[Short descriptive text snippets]

Segment Open

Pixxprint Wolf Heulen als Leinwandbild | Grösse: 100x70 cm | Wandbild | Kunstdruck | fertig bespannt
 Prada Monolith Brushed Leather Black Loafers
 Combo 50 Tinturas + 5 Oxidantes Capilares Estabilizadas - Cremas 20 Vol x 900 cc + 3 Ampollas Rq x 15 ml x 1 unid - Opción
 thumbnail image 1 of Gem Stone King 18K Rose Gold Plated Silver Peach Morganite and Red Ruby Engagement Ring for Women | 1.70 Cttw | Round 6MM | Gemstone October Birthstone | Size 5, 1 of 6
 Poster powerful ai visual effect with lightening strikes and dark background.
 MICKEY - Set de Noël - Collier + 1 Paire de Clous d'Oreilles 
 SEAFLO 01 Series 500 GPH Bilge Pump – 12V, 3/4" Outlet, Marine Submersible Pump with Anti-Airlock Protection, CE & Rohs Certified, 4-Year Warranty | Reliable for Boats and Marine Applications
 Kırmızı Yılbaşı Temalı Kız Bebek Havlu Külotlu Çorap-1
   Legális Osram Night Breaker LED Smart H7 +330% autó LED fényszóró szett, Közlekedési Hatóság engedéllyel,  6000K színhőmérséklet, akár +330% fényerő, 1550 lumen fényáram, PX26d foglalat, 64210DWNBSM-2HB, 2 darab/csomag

Segment Closed

How to complete this task: Nothing from before the line containing "Kırmızı Yılbaşı Temalı" should appear; copy that line and each one after it through the last line of the entries, exactly.

Answer box:
 Kırmızı Yılbaşı Temalı Kız Bebek Havlu Külotlu Çorap-1
   Legális Osram Night Breaker LED Smart H7 +330% autó LED fényszóró szett, Közlekedési Hatóság engedéllyel,  6000K színhőmérséklet, akár +330% fényerő, 1550 lumen fényáram, PX26d foglalat, 64210DWNBSM-2HB, 2 darab/csomag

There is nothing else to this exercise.